P.R. - my final word
I'm firmly entrenched in my opposition to PR, but Andrew Coyne's discussion has been excellent and intelligent. To wrap up, I think I'd like to set out my final objections, for evisceration by smarter folk than me.
For the sake of argument, and because it seems to be most favoured by supporters, let's say that the PR model being considered is 50/50 MMPR. 308 MPs would be elected, as now, via first-past-the-post in 308 ridings. An additional 308 MPs would be elected via affiliation with their party's percentage of the national popular vote (note - debate over the proper size of the House of Commons is for another day).
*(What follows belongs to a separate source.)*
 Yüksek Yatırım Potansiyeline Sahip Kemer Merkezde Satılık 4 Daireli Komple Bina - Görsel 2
My overall objections to PR in all its forms are outlined in previous posts, as well as here and here. Let us consider the possible sub-models of 50/50 MMPR, i.e. how exactly the other 308 MPs should be chosen.
1) Ghost MPs
Skip the actual people; if Liberals win 115 PR MPs, the Liberal leader simply has 115 additional votes on every issue as well as his own. This is my favorite sub-model, because it's the most honest. If the Liberals gain the 115 MPs because of Liberal Party support, it should be the Liberal Party who makes the decisions. The sole objection here is that the optics are awful (and as such, is a pretty good argument against PR as a whole).
U.S. Electoral College! Same as 1), but have human beings raising their hands to vote, representing their party's views exactly. The identity of the Robo-MPs is unimportant, as they exist solely to vote the party line. Objection here is that it's dishonest; using figureheads to obscure the undemocratic stench of 1).
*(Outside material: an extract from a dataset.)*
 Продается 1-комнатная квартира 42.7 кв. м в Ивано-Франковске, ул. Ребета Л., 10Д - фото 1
2) MPs appointed by the party off their own list. We already have a place where party hacks can while away their days with little fear of losing their jobs - the Senate. We also now approach the point where individual MPs may vote against the party line, undermining PR's stated purpose of party representation.
3) MPs appointed by the party based on internal elections. As I have noted, this poses a real conundrum when it comes to the stated purpose of PR. Voters are electing the party; yet there is a real likelihood that the people who "win" the internal party elections did so by differentiating themselves from party boilerplate. Single issue sub-groups within a party could no doubt elevate favoured candidates into very high positions on the party list. Rural western NDPers could absolutely get pro-lifers to near the top of their party list; is this what Toronto's NDP voters are supporting when they vote NDP?
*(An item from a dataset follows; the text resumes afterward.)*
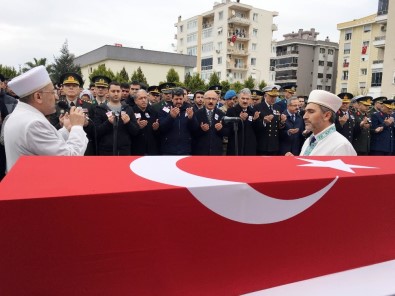İzmir, Afrin Şehidini Son Yolculuğuna Uğurladı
4) MPs voted in directly off a list by their party's voters. All the problems of 3), with the added bonus of more difficult balloting. Intra-party campaigning would be going on at the same time as the general election, which would be chaos. Voters would need to weigh the merits of the party, as well as the merits of the individuals running, which should be noted is the exact same situation as we have now.
5) MPs to be "riding losers" with the biggest % of popular support. I hate this option, which would allow candidates rejected by voters in their own hometowns to slip in Parliament's backdoor. These people are probably least likely to toe the party line, because they're going to have to run again next time, and need to appeal to their home riding. Defeats the purpose, or at least diminishes the effectiveness, of PR.
There you have it. If I'm not right, at least I hope I'm clear.